In a video interview from his childhood home of Hungary, Szapudi said he would prefer that humans get their act together to drastically reduce greenhouse gases to combat climate change.
“I agree that holding back CO2 emissions is the best way forward, but so far it isn’t happening. So we have to think about everything,” he said.
Szapudi has been traveling in Europe this summer and has seen the climate
crisis with his own eyes.
“There was a heat wave that, coming from Hawaii, was almost unbearable,” he said. “Last week I was in
Milan at a conference, and it was just hell.”
Szapudi, who joined the university in 2001, is a theoretical cosmologist who spends much of his time thinking about abstract concepts and larger ideas spanning time and space.
He came up with his latest idea as he thought of the many people in Hawaii who use an umbrella to block the sunlight as they walk about during the day.
“I was thinking, Could we do the same for Earth and (avert) the impending
catastrophe of climate change?” he said.
The idea of reducing the global temperature to shade Earth from a fraction of the sun’s light with a solar shield has been proposed before. In June the Biden administration released a report mandated by Congress that endorsed studying how to block sunlight from hitting Earth’s surface as a way to limit global warming.
Up to now the large amount of weight needed to make a shield massive enough to balance the sun’s gravitational forces and prevent solar radiation pressure from blowing it away has made the umbrella concept practically impossible to realize because no one on Earth has figured out a way to launch that much weight into space.
Szapudi’s paper, however, offers a couple of innovative ideas to help deal with the weight: a tethered counterweight instead of just a massive shield, making the total mass more than 100 times less, and the use of a captured asteroid as the counterweight to avoid having to launch most of the mass from Earth.

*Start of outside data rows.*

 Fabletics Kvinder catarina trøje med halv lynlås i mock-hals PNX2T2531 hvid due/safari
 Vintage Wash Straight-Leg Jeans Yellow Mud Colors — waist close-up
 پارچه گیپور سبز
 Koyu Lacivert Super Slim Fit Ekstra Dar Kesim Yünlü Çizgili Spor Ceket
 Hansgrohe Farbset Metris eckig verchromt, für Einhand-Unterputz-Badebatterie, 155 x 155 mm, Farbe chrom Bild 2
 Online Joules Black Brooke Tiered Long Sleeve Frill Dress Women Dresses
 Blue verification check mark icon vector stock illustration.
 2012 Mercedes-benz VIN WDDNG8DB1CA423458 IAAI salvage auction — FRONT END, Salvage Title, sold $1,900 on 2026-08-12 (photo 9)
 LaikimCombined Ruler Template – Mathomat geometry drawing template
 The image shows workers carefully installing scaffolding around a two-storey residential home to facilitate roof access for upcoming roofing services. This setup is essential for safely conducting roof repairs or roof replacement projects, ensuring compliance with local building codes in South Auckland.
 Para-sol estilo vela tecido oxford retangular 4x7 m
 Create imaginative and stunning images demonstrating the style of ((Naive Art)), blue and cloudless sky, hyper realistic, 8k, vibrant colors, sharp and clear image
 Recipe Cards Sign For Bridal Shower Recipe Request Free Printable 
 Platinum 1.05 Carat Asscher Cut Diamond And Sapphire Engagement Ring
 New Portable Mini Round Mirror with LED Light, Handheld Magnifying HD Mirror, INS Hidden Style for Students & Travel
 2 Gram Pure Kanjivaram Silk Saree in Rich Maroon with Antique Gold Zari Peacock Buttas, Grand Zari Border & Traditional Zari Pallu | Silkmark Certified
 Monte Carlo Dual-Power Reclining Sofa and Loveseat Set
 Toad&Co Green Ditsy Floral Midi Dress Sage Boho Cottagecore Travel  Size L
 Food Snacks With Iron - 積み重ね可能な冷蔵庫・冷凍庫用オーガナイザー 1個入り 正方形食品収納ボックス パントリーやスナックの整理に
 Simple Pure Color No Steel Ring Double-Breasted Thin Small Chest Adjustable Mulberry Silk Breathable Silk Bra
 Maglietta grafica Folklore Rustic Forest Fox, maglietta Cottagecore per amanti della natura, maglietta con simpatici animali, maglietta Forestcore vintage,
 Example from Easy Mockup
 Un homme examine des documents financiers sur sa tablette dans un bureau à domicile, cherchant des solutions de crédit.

“My idea makes it doable when previously it was
science fiction,” he said.
If lassoing an asteroid, changing its orbit and attaching a tether to it sounds fantastical, well, it is. But Szapudi said scientists are working on this, and it actually appears quite feasible.
Szapudi’s paper starts with the goal of reducing solar radiation by a mere 1.7%, an estimate of the amount needed to prevent a catastrophic rise in global temperatures.
It calls for placing a tethered counterbalance toward the sun, which would reduce the weight of the shield by about 3.5 million tons and make it about one hundred times lighter than previous estimates for such a shield.
With today’s largest rockets able to lift only about
50 tons to low Earth orbit, the weight is still far beyond current launch capabilities. But only 1% of the total, or about 35,000 tons, would account for the shield itself, and that is the only part that needs to be launched from Earth.
And with emerging, lighter materials such as graphene, the mass of the shield can be reduced
even further, he said. The graphene would also make for a tether that is lightweight yet strong.
The rest of the mass needed for the counterweight would come from the asteroid — and possibly from the excavation of lunar dust and rocks for added weight.
Although prior concepts were basically unachievable, Szapudi’s approach brings the idea into the realm of possibility, even with today’s technology.
All of this, of course, is not going to be cheap. Szapudi said a rough estimate puts the price tag at trillions of dollars.
“It’s very, very expensive but it’s doable,” he said. “If global warming is costly, humanity might consider doing something costly, too, to defend the inhabitants of the earth from the consequences.”
He said the next project he wants to do is a collaboration with experts on asteroids and solar sails to study practical ways to manipulate the orbit of an
asteroid.
Szapudi said he’s planted a seed and hopefully it will grow. It will take decades to develop, he said, and hopefully a space company like SpaceX or Blue Origin or maybe the U.S. government takes an interest.
“We need something like this sooner than later because the crisis of climate change is upon us,” he said.